Sunday, November 8, 2020

After the vote, what will 2021 mean for commercial real estate?

One of the very cool things that has occurred amidst our self-imposed lockdown is a purge! We have closet space we’ve not seen for years. And the clothes we’ve found – oh my! When will I find time to sport that aquamarine leisure suit? Saturday Night Fever, indeed!

With all this stay-at-home stuff, many of us are using the time to rid the clutter. After all, we are spending more time domiciled. Might as well make it work. Akin to the clutter clearance occurring, today’s column is an effort to clean-house and share with you some random thoughts circling my consciousness. So, without further ado – here it goes!

A new administration?

This was authored prior to Nov. 3, even though you’re reading it afterward. Ahh, the miracle of the modern press. Do we have a new president? Or, four more years of the Twitterer in Chief? Or, are the election results mired in legality like 20 years ago. Bush vs. Gore, anyone? Regardless, commercial real estate could be impacted.

Trump has enacted policies favorable to small businesses and the real estate they occupy. Pass-through entity tax breaks, reduction in regulations, energy independence, expansion of the Small Business Administration, all before the pandemic, have all created a robust economy. A Biden administration could portend an end to 1031 tax-deferred exchanges, higher taxes, more government regulation, more dependence upon renewable energy – solar and wind but a kinder, gentler impact upon the environment.

Will interest rates rise, thus making purchasing a business home less affordable? We shall see. In the alternate scenario of “no decision yet” – uncertainty is the biggest culprit of business expansion – read the need for more commercial space. Doubt what I say? Just consider the virus-induced stall currently experienced in office space as companies determine the “right size” for their operation.

1031 tax-deferred exchange nuances

Speaking of exchanges – the catalyst of so many commercial real estate sales – I’ve recently discovered a couple of wrinkles worth noting. Quickly contract to sell, create an accommodator, close the sale, the proceeds flow into the accommodator account, 45 days commences for identification, and the upleg buy needs to be made at the earlier of 180 days from the close of your relinquished property of the date when your taxes are filed next year. Simple!
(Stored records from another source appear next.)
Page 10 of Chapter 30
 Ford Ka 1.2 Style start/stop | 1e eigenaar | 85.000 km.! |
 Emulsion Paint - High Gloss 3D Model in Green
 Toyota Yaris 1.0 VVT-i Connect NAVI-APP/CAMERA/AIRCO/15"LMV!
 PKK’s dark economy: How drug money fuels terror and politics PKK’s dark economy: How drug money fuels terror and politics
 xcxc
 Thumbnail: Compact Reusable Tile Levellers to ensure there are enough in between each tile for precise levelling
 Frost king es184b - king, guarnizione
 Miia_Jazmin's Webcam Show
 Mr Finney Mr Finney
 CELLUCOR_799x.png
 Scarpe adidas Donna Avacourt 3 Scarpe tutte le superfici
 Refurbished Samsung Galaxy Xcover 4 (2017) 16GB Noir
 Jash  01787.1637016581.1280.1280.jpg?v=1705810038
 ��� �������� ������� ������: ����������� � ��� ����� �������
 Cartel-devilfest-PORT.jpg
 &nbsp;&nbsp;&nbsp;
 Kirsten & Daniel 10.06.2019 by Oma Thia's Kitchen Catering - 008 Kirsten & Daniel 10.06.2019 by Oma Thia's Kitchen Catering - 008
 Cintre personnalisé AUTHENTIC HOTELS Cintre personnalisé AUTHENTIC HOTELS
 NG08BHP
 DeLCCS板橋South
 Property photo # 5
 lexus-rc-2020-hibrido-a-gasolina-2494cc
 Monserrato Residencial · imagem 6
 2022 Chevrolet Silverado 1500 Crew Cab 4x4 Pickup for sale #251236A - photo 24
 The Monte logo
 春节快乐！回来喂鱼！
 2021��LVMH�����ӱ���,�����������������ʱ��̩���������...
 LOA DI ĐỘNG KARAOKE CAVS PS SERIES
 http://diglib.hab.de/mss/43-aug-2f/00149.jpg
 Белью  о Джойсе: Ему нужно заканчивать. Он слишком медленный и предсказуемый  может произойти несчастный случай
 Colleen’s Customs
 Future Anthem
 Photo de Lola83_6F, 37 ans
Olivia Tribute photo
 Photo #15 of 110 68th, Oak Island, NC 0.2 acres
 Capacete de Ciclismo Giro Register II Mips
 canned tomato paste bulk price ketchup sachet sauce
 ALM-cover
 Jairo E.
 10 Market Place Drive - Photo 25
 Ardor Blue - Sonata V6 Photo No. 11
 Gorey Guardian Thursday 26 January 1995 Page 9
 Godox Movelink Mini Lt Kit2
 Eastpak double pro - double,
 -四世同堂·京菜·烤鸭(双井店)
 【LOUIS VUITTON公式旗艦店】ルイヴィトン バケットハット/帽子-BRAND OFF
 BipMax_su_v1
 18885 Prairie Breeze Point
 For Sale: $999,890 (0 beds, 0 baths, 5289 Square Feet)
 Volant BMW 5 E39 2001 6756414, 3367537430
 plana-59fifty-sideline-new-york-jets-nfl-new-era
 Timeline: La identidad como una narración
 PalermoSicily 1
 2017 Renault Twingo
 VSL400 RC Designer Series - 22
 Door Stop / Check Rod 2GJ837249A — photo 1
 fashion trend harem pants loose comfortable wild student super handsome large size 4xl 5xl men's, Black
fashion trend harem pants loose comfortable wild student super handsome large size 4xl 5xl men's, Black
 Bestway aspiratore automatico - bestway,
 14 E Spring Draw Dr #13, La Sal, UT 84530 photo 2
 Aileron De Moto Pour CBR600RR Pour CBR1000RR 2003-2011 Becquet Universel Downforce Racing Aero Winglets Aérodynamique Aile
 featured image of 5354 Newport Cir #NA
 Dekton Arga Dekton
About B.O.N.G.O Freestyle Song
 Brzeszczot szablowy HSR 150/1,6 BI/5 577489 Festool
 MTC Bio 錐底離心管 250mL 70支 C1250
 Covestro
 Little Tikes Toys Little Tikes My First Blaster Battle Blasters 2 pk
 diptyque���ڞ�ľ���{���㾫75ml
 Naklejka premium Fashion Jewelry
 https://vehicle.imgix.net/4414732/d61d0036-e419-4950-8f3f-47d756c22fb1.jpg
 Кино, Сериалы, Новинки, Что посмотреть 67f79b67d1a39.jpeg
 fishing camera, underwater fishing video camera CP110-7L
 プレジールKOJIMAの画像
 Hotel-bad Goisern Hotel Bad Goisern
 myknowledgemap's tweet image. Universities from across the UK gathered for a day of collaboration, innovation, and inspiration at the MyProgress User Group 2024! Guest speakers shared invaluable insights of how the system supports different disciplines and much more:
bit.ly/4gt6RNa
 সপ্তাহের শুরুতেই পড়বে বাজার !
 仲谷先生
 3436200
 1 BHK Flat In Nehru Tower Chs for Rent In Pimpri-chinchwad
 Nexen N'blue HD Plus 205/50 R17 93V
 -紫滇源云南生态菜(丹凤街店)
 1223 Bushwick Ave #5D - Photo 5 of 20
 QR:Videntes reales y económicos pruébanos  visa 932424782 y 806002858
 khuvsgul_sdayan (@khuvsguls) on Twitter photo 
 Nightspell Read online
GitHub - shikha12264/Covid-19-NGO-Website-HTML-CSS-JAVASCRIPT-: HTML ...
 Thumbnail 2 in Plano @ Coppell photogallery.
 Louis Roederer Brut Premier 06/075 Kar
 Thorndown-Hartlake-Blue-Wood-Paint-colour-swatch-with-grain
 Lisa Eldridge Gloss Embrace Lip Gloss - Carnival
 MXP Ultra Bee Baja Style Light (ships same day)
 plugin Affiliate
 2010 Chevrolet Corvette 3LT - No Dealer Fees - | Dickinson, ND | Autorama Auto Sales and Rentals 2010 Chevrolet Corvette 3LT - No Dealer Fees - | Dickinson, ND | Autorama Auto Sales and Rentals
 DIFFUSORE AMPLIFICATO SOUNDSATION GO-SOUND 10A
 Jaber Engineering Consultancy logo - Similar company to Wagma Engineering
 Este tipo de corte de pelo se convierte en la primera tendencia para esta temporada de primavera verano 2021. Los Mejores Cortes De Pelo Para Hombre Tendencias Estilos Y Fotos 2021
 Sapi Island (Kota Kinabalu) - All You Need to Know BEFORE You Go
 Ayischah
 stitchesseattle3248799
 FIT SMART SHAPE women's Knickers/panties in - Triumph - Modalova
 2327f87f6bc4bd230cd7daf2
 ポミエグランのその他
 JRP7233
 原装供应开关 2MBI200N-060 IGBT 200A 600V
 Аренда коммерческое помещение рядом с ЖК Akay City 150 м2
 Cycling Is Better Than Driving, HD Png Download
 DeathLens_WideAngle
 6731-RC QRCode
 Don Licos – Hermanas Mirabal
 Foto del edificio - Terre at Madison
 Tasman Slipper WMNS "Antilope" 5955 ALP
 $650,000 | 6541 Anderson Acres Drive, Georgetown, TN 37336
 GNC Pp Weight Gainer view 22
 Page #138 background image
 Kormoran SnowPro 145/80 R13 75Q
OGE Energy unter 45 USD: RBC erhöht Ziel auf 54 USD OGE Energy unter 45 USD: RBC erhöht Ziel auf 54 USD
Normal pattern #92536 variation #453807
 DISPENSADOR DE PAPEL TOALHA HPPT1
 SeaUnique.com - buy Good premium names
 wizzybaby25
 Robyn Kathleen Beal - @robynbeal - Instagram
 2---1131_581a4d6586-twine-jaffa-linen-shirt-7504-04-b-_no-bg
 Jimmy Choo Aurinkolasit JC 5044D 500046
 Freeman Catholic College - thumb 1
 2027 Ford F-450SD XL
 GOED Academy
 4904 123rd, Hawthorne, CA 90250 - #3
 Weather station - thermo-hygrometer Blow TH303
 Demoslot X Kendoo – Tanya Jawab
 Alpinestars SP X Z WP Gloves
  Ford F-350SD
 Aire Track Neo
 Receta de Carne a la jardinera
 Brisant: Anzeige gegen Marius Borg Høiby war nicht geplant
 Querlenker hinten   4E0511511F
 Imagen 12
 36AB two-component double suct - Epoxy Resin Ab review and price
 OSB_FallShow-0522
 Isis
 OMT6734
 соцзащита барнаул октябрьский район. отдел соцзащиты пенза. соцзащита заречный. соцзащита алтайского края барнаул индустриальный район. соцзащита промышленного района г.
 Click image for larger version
However, what happens if you don’t complete the exchange? Well in addition to the tax burden – which is a subject for those with many more letters after their names – ie: CPA or Esq – how about the $$ in the accommodator account. When can the money be returned? It depends. If you don’t identify uplegs – the money can be returned after the 45-day identification period. If you, in fact, identify offerings you’d like to buy but don’t – the money is returned after the 180 day period. But, what if you identify and close – thus satisfying the exchange – but have some money left over? Frequently, this occurs through closing credits and prorations.

Unfortunately, the proceed remnants are held until after the 180 days as well. Don’t try this at home.

Recently, I’ve been asked to advise a couple of occupants who own their company’s location. As mentioned, this is one of the single biggest ways to create generational wealth – own the commercial real estate that houses your operation.

But, please consult with an attorney or commercial real estate professional before selling or leasing your building to a neighbor, accepting an unsolicited offer to purchase, or selling your company and retaining the commercial real estate under a leaseback provision. Sure, I get it. You’d like to save a few bucks by creating an agreement from Legal Zoom, but the unintended consequences of avoiding counsel to save could end up costing you hundreds of thousands of dollars. Fortunately, both the aforementioned clients engaged us.

By the way, our advice – if not too extensive – is complimentary. So it’s a win-win.